Tue 22 Nov 2022 to Sat 14 Jan 2023
Mon-Fri 9.30am-6pm, Sat 10am-6pm
Artist: Winston Branch
Simon Lee Gallery and Varvara Roza Galleries present Jasmines blowing in the wind, a solo exhibition of paintings by Winston Branch. For his inaugural exhibition with the gallery and his first in the UK in 25 years, Branch presents a selection of historic works that delve into the possibilities of painting through abstraction.
Added to list
Ambitious and experimental, the works in this exhibition are the fruit of a 25-year long inquiry into the potentiality of light, colour, space and depth. Born in St. Lucia in 1947, Winston Branch came to London as a teenager to study at The Slade School of Fine Art.
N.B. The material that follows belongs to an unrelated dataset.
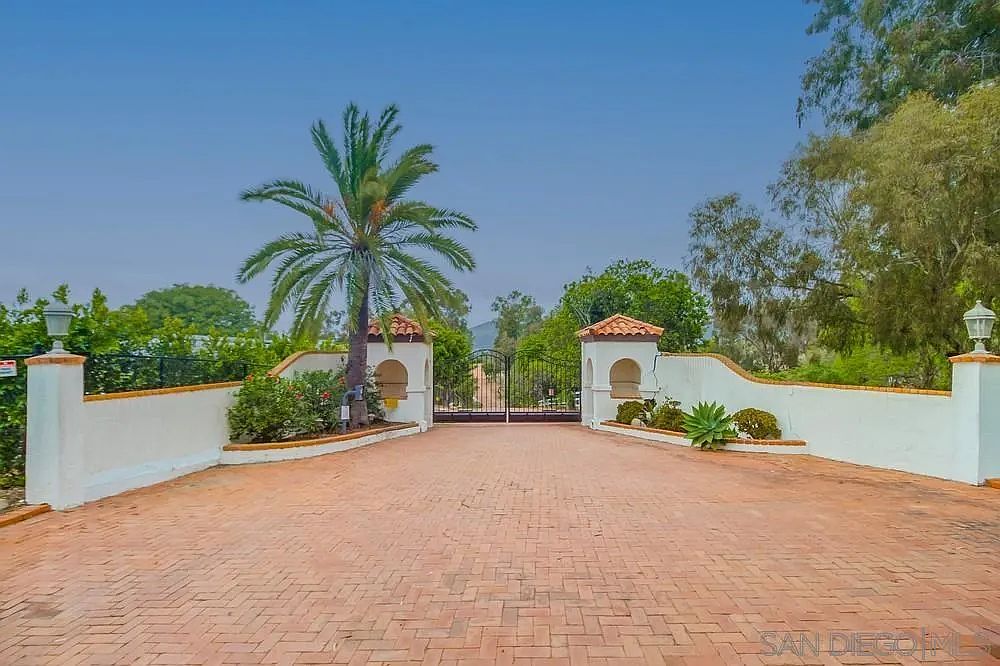 The image showcases a grand entryway featuring a brick-paved driveway leading to an ornate wrought-iron gate. Flanking the driveway are white stucco walls with arched niches topped with red tile roofs, adding a touch of Mediterranean style. A mature palm tree stands prominently on one side, enhancing the property's curb appeal and creating a welcoming impression.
Branch would go on to teach at The Slade School of Fine Art, Chelsea College of Arts and University of California (Berkeley, CA) amongst others, whilst maintaining a robust painting practice initially focused on figuration but, from the 1980s onwards, focused on pure abstraction.
Dating back to 1982, the earliest works in Jasmines blowing in the wind exemplify the artist’s first forays into abstraction. Formed of short, rhythmic brushstrokes, the paintings are energetic and exploratory in their approach to mark-making. In dialogue with French Impressionism, these works were created through instinct and observation, and belong to same suite as Zachary II, acquired by Tate in 2018. Later works in the exhibition see Branch demonstrate an increasingly dexterous handling of space and colour. In paintings such as Blue for Miles (1999), for example, the artist uses great swathes of rich pigment and thicker, more fluid brushstrokes to open up the picture plane.
Winston Branch’s journey with abstraction begun in 1982, the same year in which the British Black Arts Movement was founded to examine issues of racism, sexism and the legacies of colonialism. But, primarily concerned with formalism, Branch was excluded from many seminal exhibitions of the time which were focused on identity politics. 40 years on, this exhibition brings together the results of the painter’s investigation into the possibilities of abstraction and hopes to introduce a wider audience to the work of Winston Branch.